Declarations and actions supporting the janitors, members of Service Employees International Union Local 615/254, continue to grow as the union went out on strike after months of negotiations with the Maintenance Contractors of New England, an association of 30 cleaning companies.

The union says that janitors in Massachusetts and Rhode Island are behind what their counterparts get in wages and benefits in other major cities throughout the country.

The union is using a comment reported in the Boston Herald by the negotiator for the Maintenance Contractors of New England, James Canavan, that the janitors “seem to cling to the idea they want to see more full-time jobs with more people having health insurance,” as a way to show the thinking of the cleaning companies. Canavan is a vice-president of Unicco Service Company, the largest cleaning company in the area.

Fourteen supporters of the janitors were arrested Oct. 10 in downtown Boston. Among those arrested were State Rep. Jarrett Barrios, who is running for the State Senate, and Gary Dotterman, candidate for the Boston City Council from the Allston-Brighton area. Dotterman echoed Barrios’ statement that public officials must support workers’ rights.

In a major symbolic victory, Acting Governor Jane Swift announced on Oct. 9 that the Commonwealth of Massachusetts would cancel its cleaning contract with Unicco because of its refusal to extend health benefits to more workers and failure to provide more opportunities to move into full-time positions. Swift said that the cleaning contract would be put out to bid and that preference would be given to companies that provide more health insurance and full-time work. Swift urged other building owners to take action, saying that those “who contract with the cleaning companies … be very clear about what our expectations are.”

The union janitors cancelled their plans to strike and picket the four state buildings cleaned by Unicco janitors. Many feared that state workers, who are represented by various unions, including SEIU, would refuse to cross the picket lines.

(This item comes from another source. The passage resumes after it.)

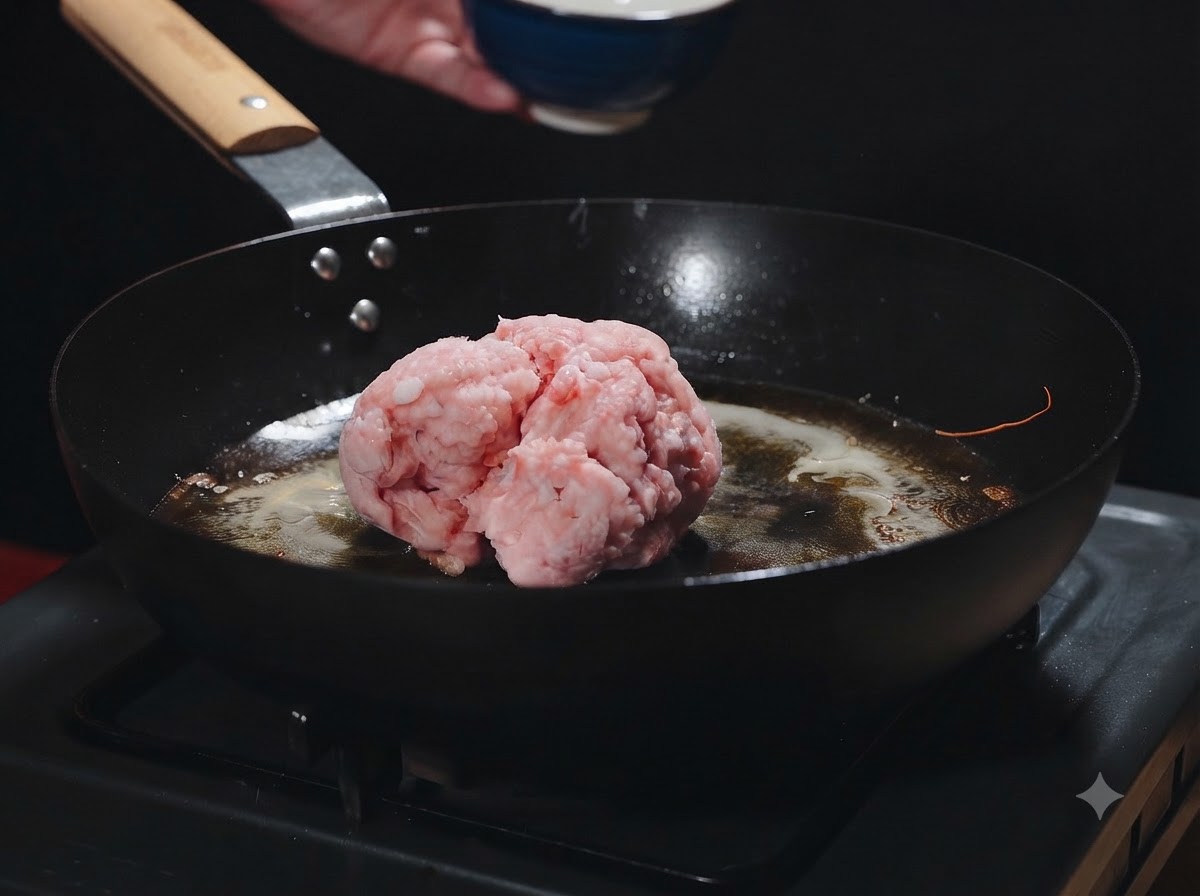 Una bola de carne picada cruda reposando en una sartén caliente con aceite de camarón mientras se añade.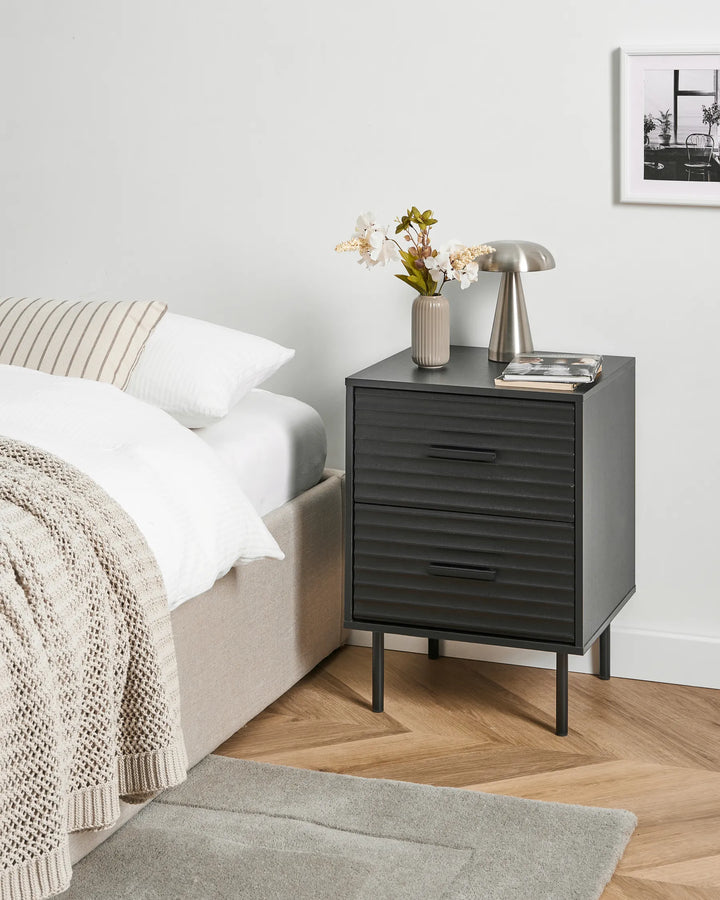 Black nightstand with decorative items next to a bed in a bedroom setting.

Previously, six cleaning companies broke ranks with the Maintenance Contractors of New England and agreed to lower the number of hours worked that would trigger health insurance coverage for their employees. These companies employ about one-fifth of the janitors represented by Local 615/254.

A number of building owners have publicly stated that they are willing to pay more for cleaning services so that the janitors would get their demands.

On Oct. 19, Massachusetts Jobs with Justice and SEIU are sponsoring a mass demonstration and march in support of the striking janitors, who are mostly women and immigrants. Other support demonstrations have taken place in a number of cities throughout the United States.